No Vale do Paraíba, notadamente na vila de Taubaté, a quantidade e a procedência dos cativos foram se modificando ao longo do século XVII. Segundo os dados apresentados pela historiadora Kátia Mendonça, na vila de Taubaté o número de plantel médio com maior número ocorreu na década de 1650-1659, com média de 18,4 cativos sob o comando de nove proprietários rurais. Corresponde a fase áurea do apresamento. E, este número entra em declínio em décadas posteriores até reencontrar um novo crescimento na década de 1690 a 1699, com a posse média de 10,86 cativos no total de 30 propriedades. Este período corresponde à fase áurea da busca e da descoberta dos veios auríferos em Minas Gerais.
Ao final do século XVII, as Cartas Régias de 26 de janeiro e 19 de fevereiro de 1696 reconheciam formalmente os direitos dos colonos em administrar os indígenas, consolidando assim outra forma de serviço obrigatório que não a escravidão. Ficava claro que a política indigenista estava inserida nos quadros do sistema colonial. Os indígenas cativos passaram a ser designados pelo nome de administrados. E, eram dispostos pelos colonos como escravos, dando-os em dotes de casamento, e aos seus credores como pagamento de dívidas. Este mesmo documento também proibia expressamente o casamento entre índios administrados e índios de aldeamentos, bem como entre administrados e escravos africanos.

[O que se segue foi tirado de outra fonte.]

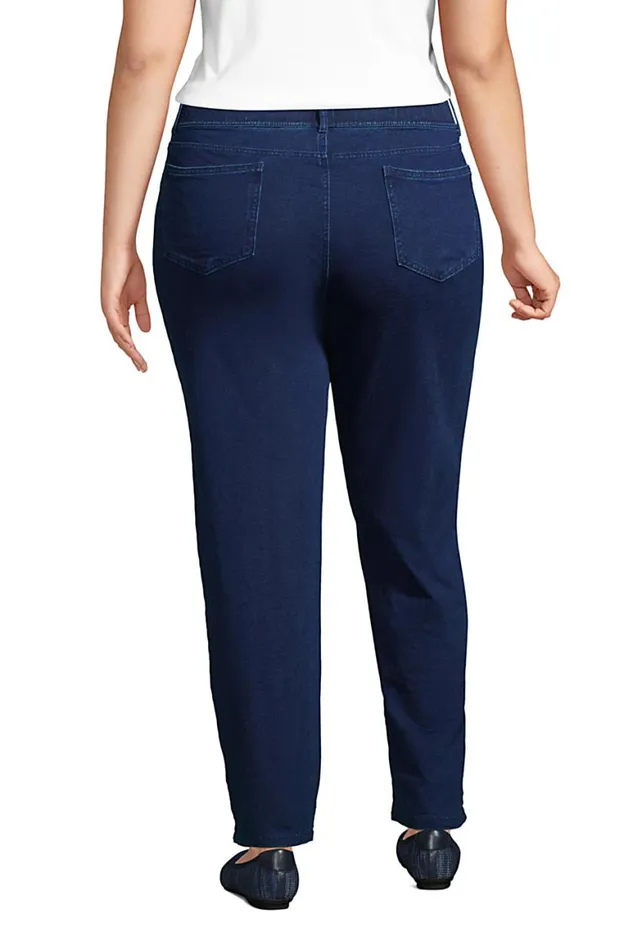Lands039 End Jeans Women Plus Size Starfish Elastic Waist Knit Jeans Straight Leg Mid Rise Indigo Lands039 End Jeans Women Plus Size Starfish Elastic Waist Knit Jeans Straight Leg Mid Rise Indigo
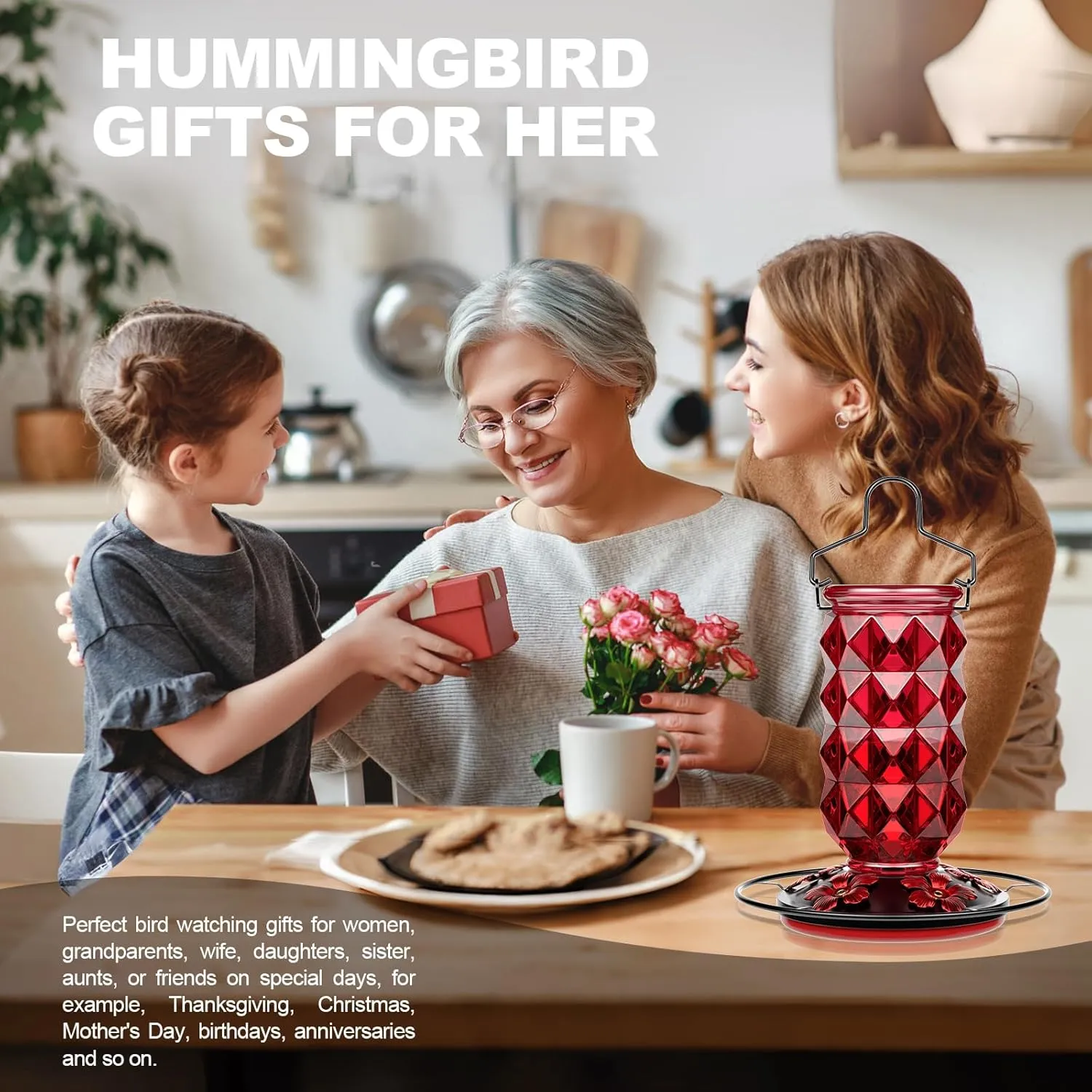 25 Ounces Large Glass Hummingbird Feeders for Outdoors, Wild Bird Nectar Feeder with Perch & 5 Flower Feeding Ports Leak Proof Hanging for Garden Backyard Decor, Gifts for Women Mom, Red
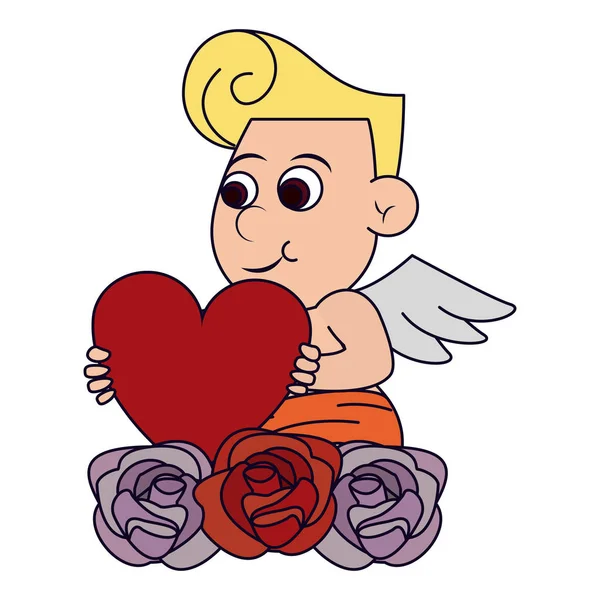 Cupidon avec coeur et fleurs — Image vectorielle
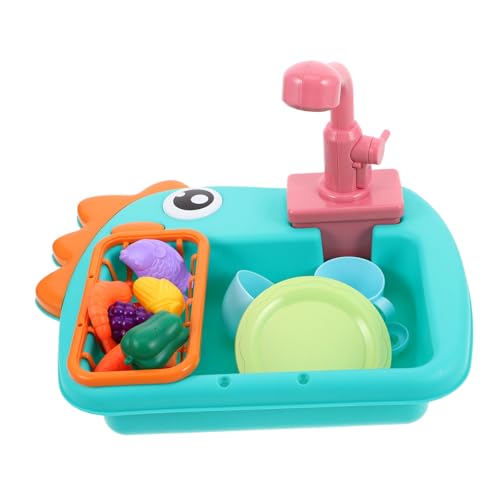 BCOATH Geschirrspüler mit Wasserkreislauf Realistisches Rollenspiel Waschbecken für Kleinkinder Blaues Elektrisches Küchenspielzeug Fördert Kreativität und Wasseraktivitäten von BCOATH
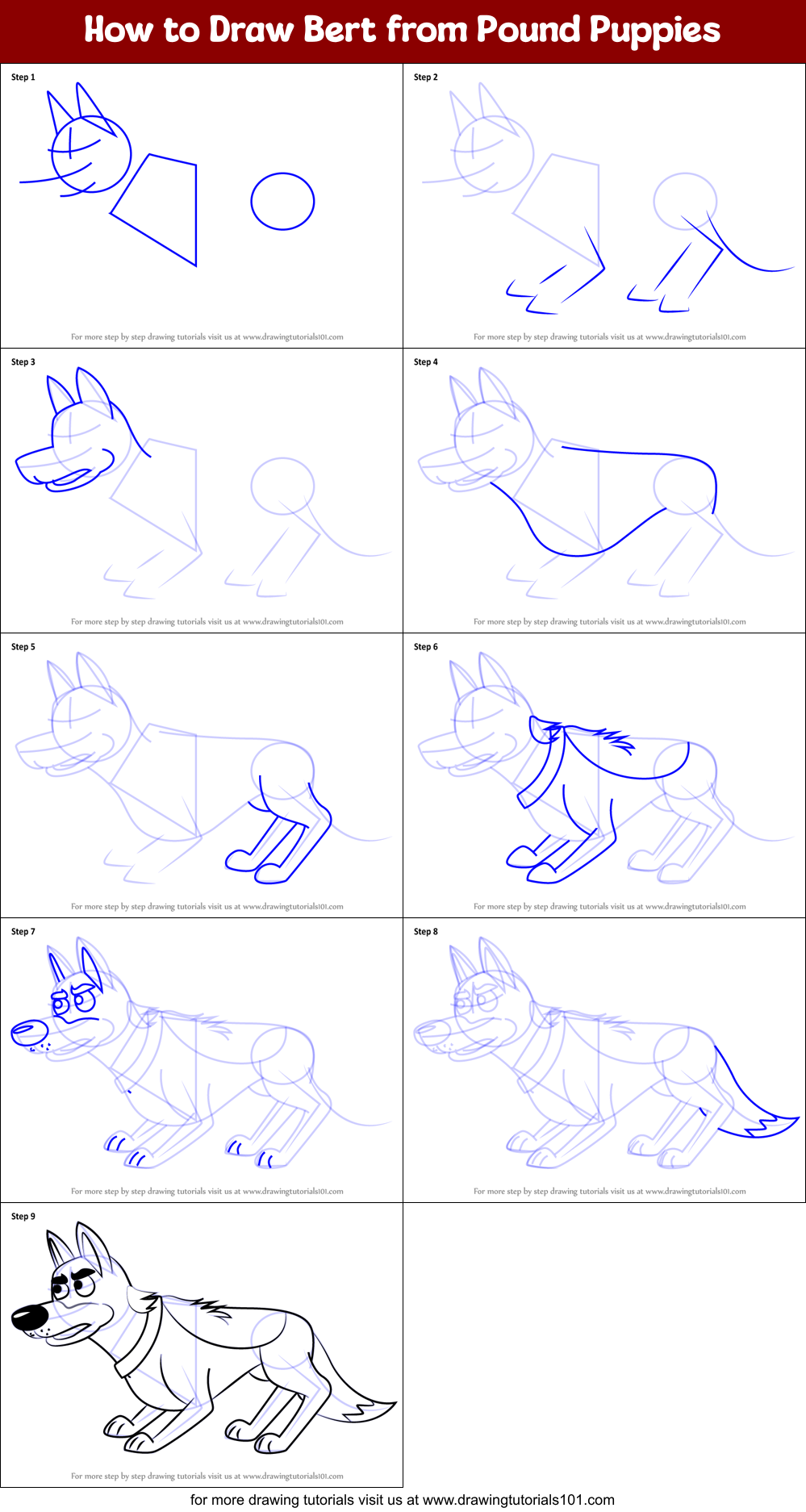 How to Draw Bert from Pound Puppies Printable Step by Step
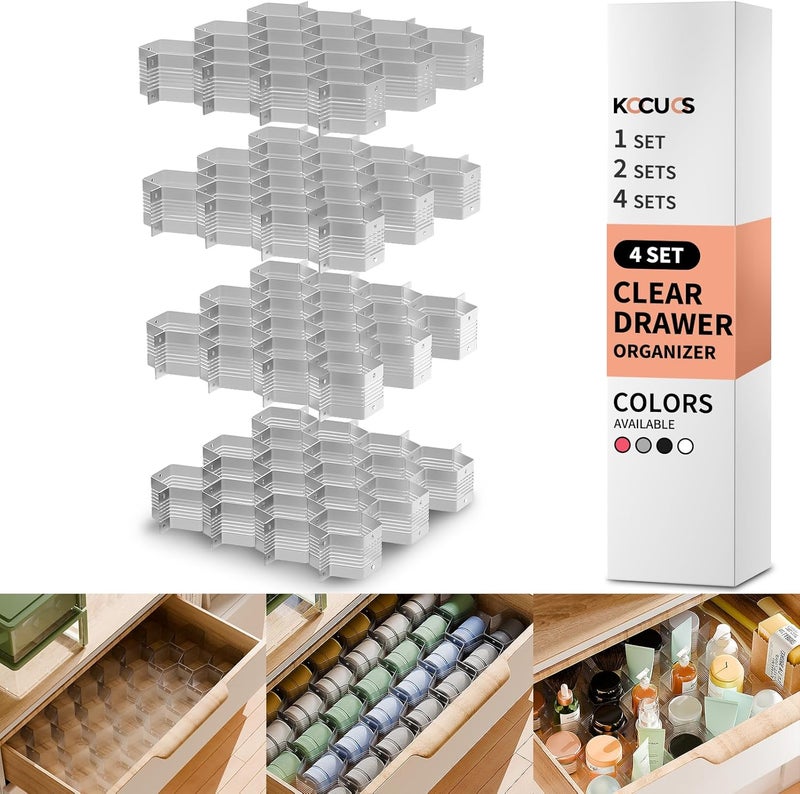 Kocuos Honeycomb Separator Adjustable Drawer Organizer Divider for Underwear Belt-Scarf Socks Organizer (Gray(4pcs)) - Image 1
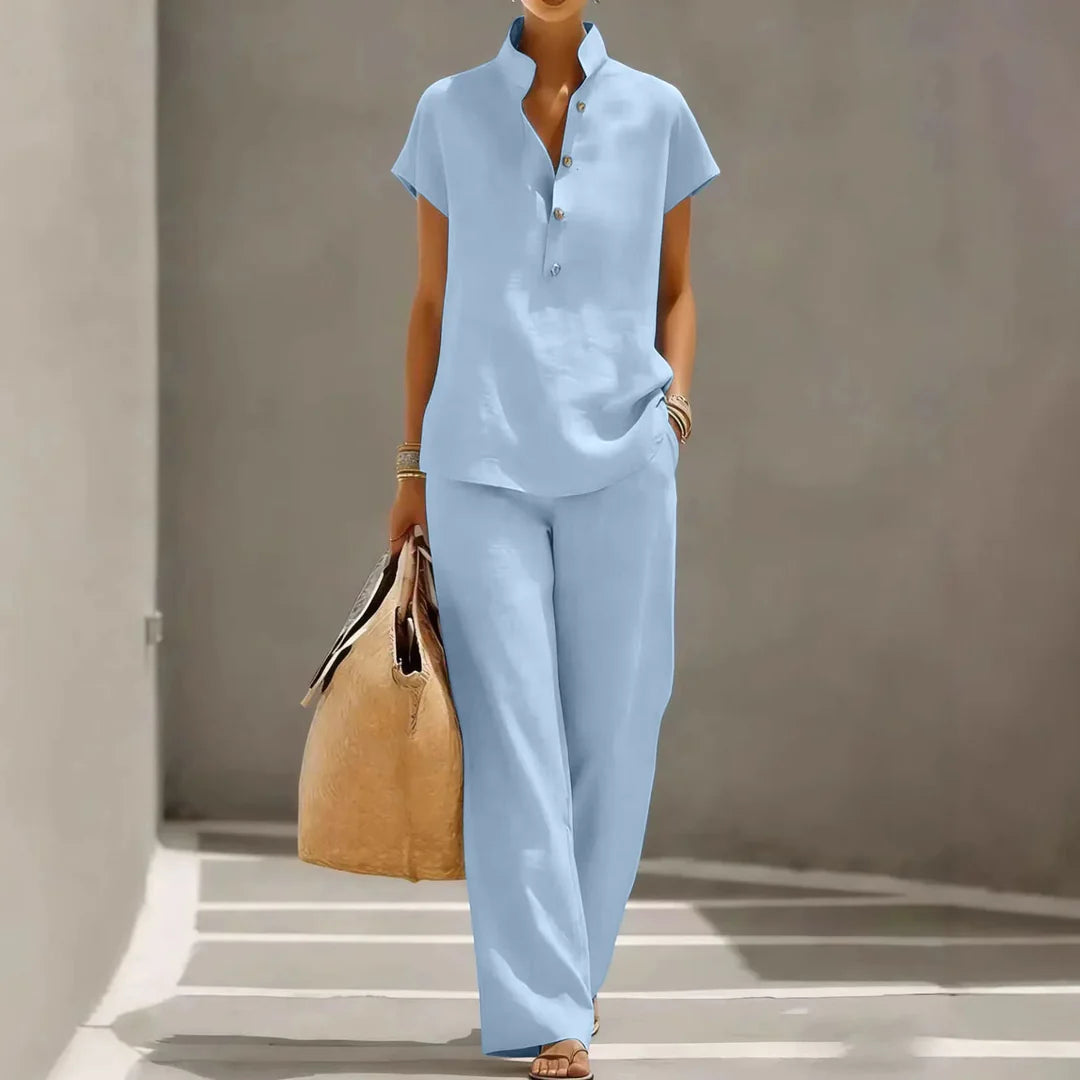 Sharon | Women's Wide Leg Button Front Two Piece Matching Set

Ia se consolidando no cotidiano da vida colonial que os indígenas eram livres pelas leis do reino, mas pelo costume da terra eram de serviço obrigatório e necessário para o sucesso dos empreendimentos levados a cabo pelos paulistas.
A questão do recrutamento e emprego da mão de obra indígena se estendeu por todo o século XVII. De início procurou atender as necessidades dos colonos paulistas e foi de encontro aos interesses da procura por minerais estimulados pela coroa. No final do século o apresamento foi superado pelo envolvimento com a mineração e ao comércio inter-regional.
O sertanismo de apresamento já estava com seus dias contados e teve seu epílogo com as com as grandes descobertas do ouro, entre 1693 e início do século seguinte.